具体的に言うと泉鏡花の「高野聖」を読みたいです。過去に3回図書館で借りては文章の難しさに挫けてしまっています。
台詞の言い回しや単語など見慣れないものが出てくるたびにネットで調べて…を繰り返すうちに心が折れるか返却期限がきてしまいます。
地道にそれを繰り返して、文体に少しずつ慣れていくしかないのでしょうか?
解答
まず時間切れにならないようにテキストは手元に置きましょう。電子データでも構わないなら青空文庫が利用できます。

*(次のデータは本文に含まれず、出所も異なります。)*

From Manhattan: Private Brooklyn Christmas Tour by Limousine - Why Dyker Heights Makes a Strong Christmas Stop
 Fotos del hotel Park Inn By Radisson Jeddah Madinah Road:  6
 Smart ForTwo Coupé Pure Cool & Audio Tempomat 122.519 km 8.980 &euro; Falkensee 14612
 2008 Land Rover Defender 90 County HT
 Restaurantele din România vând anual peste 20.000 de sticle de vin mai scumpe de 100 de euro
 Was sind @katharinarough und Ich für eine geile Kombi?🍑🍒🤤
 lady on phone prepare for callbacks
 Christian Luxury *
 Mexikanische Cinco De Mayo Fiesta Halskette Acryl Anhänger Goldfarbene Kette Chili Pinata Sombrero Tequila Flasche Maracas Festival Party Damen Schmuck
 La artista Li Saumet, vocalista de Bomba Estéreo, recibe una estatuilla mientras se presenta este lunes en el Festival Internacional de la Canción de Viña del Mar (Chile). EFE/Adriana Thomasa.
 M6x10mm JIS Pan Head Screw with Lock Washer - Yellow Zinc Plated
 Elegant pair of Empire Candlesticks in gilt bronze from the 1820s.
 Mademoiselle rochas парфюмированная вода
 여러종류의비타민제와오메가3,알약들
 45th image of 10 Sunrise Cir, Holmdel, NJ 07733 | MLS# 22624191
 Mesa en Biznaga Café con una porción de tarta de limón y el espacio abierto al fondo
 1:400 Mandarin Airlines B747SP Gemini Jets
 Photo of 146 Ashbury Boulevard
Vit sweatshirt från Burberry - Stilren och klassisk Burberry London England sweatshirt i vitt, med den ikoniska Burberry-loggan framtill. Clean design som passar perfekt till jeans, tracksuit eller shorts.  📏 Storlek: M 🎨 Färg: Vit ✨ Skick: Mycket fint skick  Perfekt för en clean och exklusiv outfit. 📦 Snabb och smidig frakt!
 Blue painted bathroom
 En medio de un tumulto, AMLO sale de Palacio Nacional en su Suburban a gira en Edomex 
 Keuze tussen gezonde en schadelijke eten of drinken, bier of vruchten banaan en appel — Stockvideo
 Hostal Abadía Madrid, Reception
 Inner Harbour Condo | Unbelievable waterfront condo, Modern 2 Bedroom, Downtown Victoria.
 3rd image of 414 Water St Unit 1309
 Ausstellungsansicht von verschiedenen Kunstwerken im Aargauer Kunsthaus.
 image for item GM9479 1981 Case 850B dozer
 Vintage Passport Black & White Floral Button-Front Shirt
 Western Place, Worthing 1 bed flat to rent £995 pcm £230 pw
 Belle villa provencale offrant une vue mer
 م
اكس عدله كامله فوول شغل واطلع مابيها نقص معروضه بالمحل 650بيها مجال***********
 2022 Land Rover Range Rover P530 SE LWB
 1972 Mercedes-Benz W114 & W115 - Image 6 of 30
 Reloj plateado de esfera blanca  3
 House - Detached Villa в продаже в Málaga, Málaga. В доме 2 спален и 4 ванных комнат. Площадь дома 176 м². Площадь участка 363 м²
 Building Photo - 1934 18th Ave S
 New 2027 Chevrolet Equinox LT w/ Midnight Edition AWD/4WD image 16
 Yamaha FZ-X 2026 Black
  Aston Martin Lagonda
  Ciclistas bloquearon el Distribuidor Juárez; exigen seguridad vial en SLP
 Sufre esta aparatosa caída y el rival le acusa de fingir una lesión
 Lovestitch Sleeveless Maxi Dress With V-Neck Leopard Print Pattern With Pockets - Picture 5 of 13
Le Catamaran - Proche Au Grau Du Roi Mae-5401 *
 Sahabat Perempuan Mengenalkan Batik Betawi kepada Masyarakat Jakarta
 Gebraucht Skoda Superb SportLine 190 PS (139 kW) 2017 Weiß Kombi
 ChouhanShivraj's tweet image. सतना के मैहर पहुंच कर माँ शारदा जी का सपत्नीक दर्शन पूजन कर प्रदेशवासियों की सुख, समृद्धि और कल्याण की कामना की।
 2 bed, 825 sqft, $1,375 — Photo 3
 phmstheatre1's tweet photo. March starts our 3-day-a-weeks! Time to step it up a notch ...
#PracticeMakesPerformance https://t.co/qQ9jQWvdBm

次に、分からない箇所に行き当たる度に言い回しや単語を調べることは、本人が思った以上に認知資源を消耗します。
トレーニングしてない普通の人が、数回調べただけでヘトヘトになったとしても無理ありません。
この労力をいくらか低減できる「外部足場」のひとつに、現代語訳があります。
『高野聖』なら、理論社から出ている「スラよみ!現代語訳名作シリーズ」が、小学校高学年向けで分かりやすく、また、できる限り原文に即した解釈をしているので、今回の場合、有用だと思います。 もうひとつ『高野聖』を読む「外部足場」としておすすめなのが、
一見、原文とほとんど変わってないと思えるほど、自然で控えめな「加筆」によって、驚くほど読みやすくなる魔法のような本です。「鏡花なのに読むやすい」という不思議な読書体験ができます。
原文と比較すると、読者がつまづきがちな箇所を拾って、さり気なくサポートしてくれることに気づきます。
「古い文体の小説を読む」という問いにもう少し一般的に答えるとすると、
図書館などで朗読音源がみつかるなら利用すると良いと思います。朗読を聞きながら、自分でも音読する。
様々な「外部足場」も使いながら、わからない箇所にあまりこだわらず、何周か回ってみると、随分違うと思います。